Rusty Russell <rusty@rustcorp.com.au> wrote:

> 	The more I looked at this, the more I warmed to it.  I've known for a
> while that people are using kallsyms not for OOPS (eg. /proc/$$/wchan),
> so we should provide a "grabs locks" version, but this solution gets
> around that nicely, while making life more certain for the oops case,
> too.


Hmmm... though it works on i386 SMP, it doesn't, however, seem to work on
ppc64 SMP:-/

My pSeries box seems to think that it can't find any symbols from previously
loaded modules, and my Power5 box is quite happy to load modules that depend
on other modules but panics because it can't mount its root fs.

This is very odd, because the patch is simple enough. Is there anything
obvious I've missed that you can see? Or maybe I'm just misunderstanding how
stop_machine_run() works... maybe it can't be called during initialisation.

David

Re: [PATCH] Fix kallsyms/insmod/rmmod race

[David Howells]

David Howells <dhowells@redhat.com> wrote:

> Rusty Russell <rusty@rustcorp.com.au> wrote:
> 
> > 	The more I looked at this, the more I warmed to it.  I've known for a
> > while that people are using kallsyms not for OOPS (eg. /proc/$$/wchan),
> > so we should provide a "grabs locks" version, but this solution gets
> > around that nicely, while making life more certain for the oops case,
> > too.
> 
> Hmmm... though it works on i386 SMP, it doesn't, however, seem to work on
> ppc64 SMP:-/
> 
> My pSeries box seems to think that it can't find any symbols from previously
> loaded modules, and my Power5 box is quite happy to load modules that depend
> on other modules but panics because it can't mount its root fs.

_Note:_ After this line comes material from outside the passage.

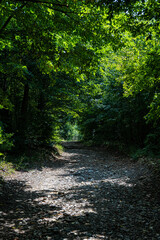 Obraz premium Road in the Caucasus mountains of Georgia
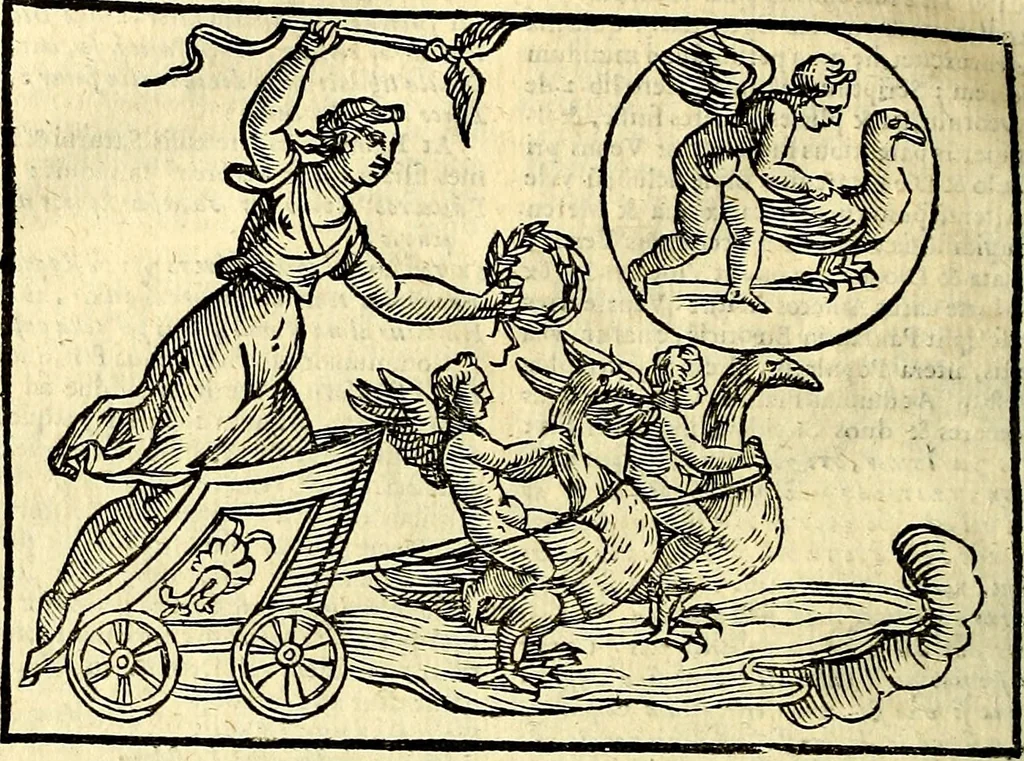 An illustration from Natalis Comitis Mythologiae sive Explicationis fabvlarvm libri decem, in qvibvs omnia prope natvralis et moralis philosophiæ dogmata in veterum fabulis contenta fuisse perspicuè demonstratur, 1616, leaf 251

Turns out that the patch works. Userspace was being bad. The stripped down
shell running as init (pid #1) wasn't taking into account that it would get
notification of kernel threads exiting when it called wait(), and so ended up
trying to load several modules at once, some of which required dependency
modules loading first.

David

[PATCH] Fix kallsyms/insmod/rmmod race [try #2]

[David Howells]

The attached patch fixes a race between kallsyms and insmod/rmmod.

The problem is this:

 (1) The various kallsyms functions poke around in the module list without any
     locking so that they can be called from the oops handler.

 (2) Although insmod and rmmod use locks to exclude each other, these have no
     effect on the kallsyms function.

 (3) Although rmmod modifies the module state with the machine "stopped", it
     hasn't removed the metadata from the module metadata list, meaning that
     as soon as the machine is "restarted", the metadata can be observed by
     kallsyms.

     It's not possible to say that an item in that list should be ignored if
     it's state is marked as inactive - you can't get at the state information
     because you can't trust the metadata in which it is embedded.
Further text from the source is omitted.